The design of the bumper had to meet several criteria:
- It had to be relatively easy to make.
- It had to protect the back end of the truck as this part of the truck is prone to dragging when going over large irregular obstacles.
- It had mount the orginal factory lights.
- Had to be able to support/mount a rear winch.
- It should wrap around the back of the truck and act as nerf bars up to the back of the fender opening.
- It needs to be easy to remove for maintenance.
- It must improve the rear departure angle.
Before getting into the design of the bumper let’s see what we are dealing with after removing the original bumper. This will frame some of the decisions on the design.
The first image shows the driver’s side rear quarter panel. The topmost circle is some trail damage from Green Mountain. You’ll note there is a fair amount of bondo here. I haven’t made my mind up if in the future I will try to use lead instead of plastic filler. I’d need to learn how to do lead work, bondo is easy enough for almost anyone to do. Lead work would last a lot longer and be more resistant to trail damage. We’ll see.
Working from left to right, we have the part of the quarter panel that needs to be removed for the rear quarter nerf bar, we see the part of the body work that “hides” the interior of the frame rail, and the two former license plate brackets that will be removed to make way for the new bumper.
The next image shows the similar parts of the passenger side of the truck. Working from left to right we have the first circle showing the rust damaged and split rear frame cross-member, the frame rail, and the part of the rear quarter that is going to be removed to make way for the bumper/nerf bar. This picture also shows my tires mounted on the “new” 1970′s Ford F-150 4×4 rims that I picked up to mount the tires. I like the fact that these wheels widen my truck’s stance about 3.5″ per side. Of course it means I have to do some work to add wider fender flares.
The next image is from below and shows the silly little brackets that supported the old bumper. They’ll need to be cut off to make way for the new bumper. The distance shown from the end of the end of the frame rail to the rear cross-member is 13″. Plenty of room to mount a winch and possibly carry some spare parts.
Here we see the back side of the driver’s side rear quarter panel. The panel is new galvanized steel from two summers ago, seen minimal winter driving. The best word to describe rust in this area is “insidious”.

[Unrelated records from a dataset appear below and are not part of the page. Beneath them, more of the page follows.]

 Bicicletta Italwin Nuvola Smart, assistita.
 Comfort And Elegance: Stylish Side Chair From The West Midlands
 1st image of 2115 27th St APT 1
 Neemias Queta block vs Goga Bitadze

Another shot of the rust damaged rear cross-member. I think the best way to deal with this damage is to drive a 2″ Schedule 40 steel pipe through this cross-member to strengthen it. It is a good thing I was planning on cutting off the bottoms of the rear quarters anyway as the only way to place this pipe is through the panels. I am sure that I will have problems getting the pipe to go through the cross-member as well. I’ll probably try hosing the member out with the pressure washer and wire brush and then spray some graphite lube to help it along. It’s
definately super scaled in there. One thing though, if I leave this new pipe long enough I can use it to support the nerf bar extensions for the new bumper.

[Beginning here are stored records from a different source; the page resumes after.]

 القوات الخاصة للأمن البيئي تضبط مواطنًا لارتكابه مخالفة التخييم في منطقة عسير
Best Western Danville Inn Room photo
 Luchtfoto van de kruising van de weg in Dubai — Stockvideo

Here is a another picture from below just for the sake of completeness. We can see lots of rust forming, and some wonderful wiring. It makes no wonder the tre tail lights flash like a discotheque when on bumpy roads.
I’ll leave it there for now. Soon to come: sketches of what we are going to build in here.
Update: Fall 2001.
Here is what I came up with:
The large hole outboard of the D ring mounts are for the brake/turn signals.

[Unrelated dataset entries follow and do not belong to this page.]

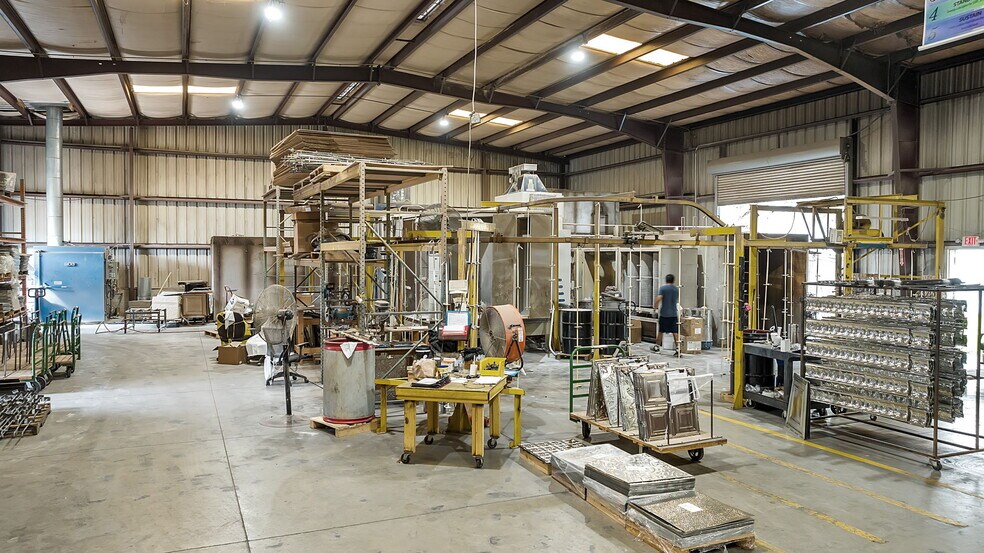 More Photos Of 2005 60th Pl E, Bradenton Industrial For Sale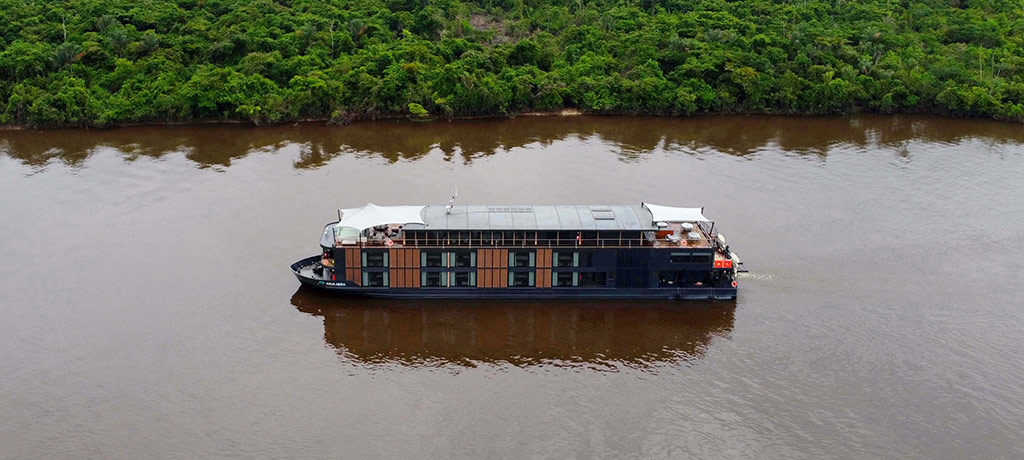 South America Peru Aqua Nera exterior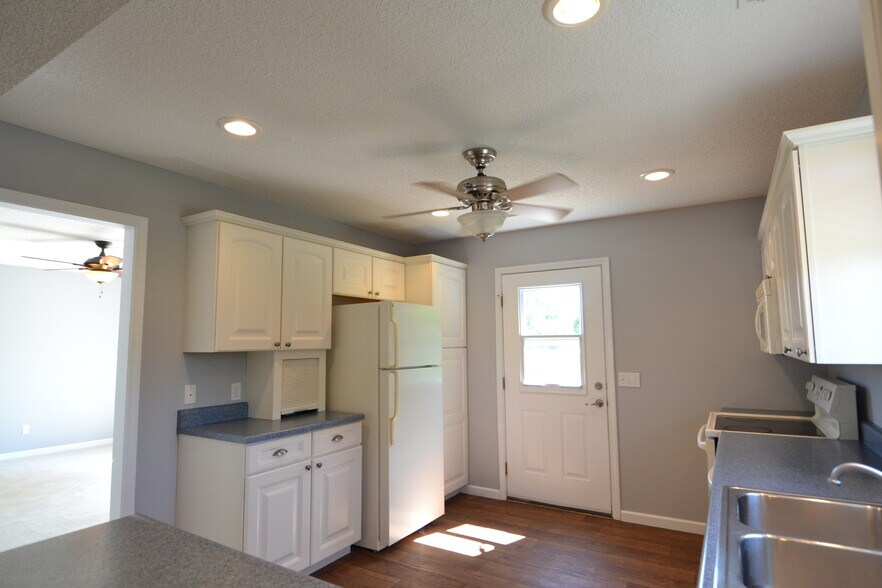 Building Photo - 1900 Salter Pl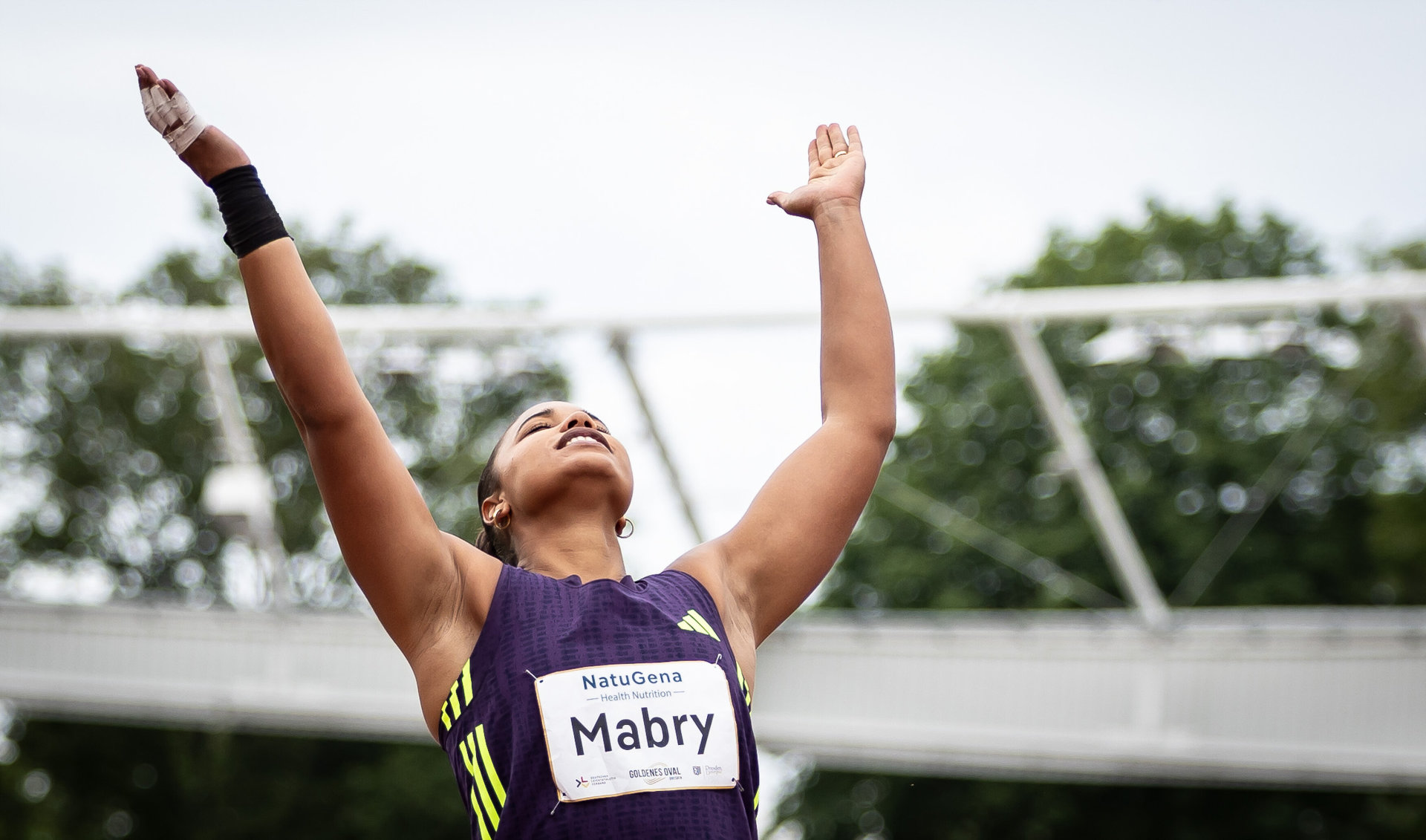 Kugelstoßerin Yemisi Mabry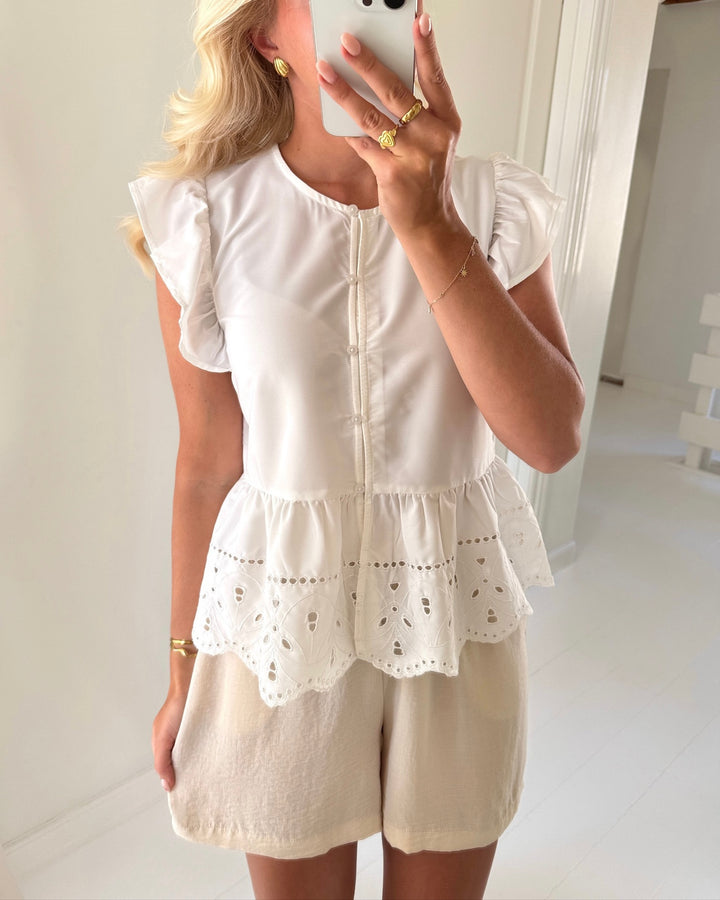Sister's Point top iben-sl cream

The round holes inboard of the D ring mounts are for separate reverse lights.
The square hole in the center of the bumper is a 2″ receiver and the round hole beside it is where the trailer plug goes.
The D ring mounts are made of 1″ x 3-3/4″ inch steel and slide into the frame rails to be bolted through at two places per side. The warp around portion of the bumper was meant to be supported by a bolted in bracket attached to a Schedule 40 pipe put through the rear cross member.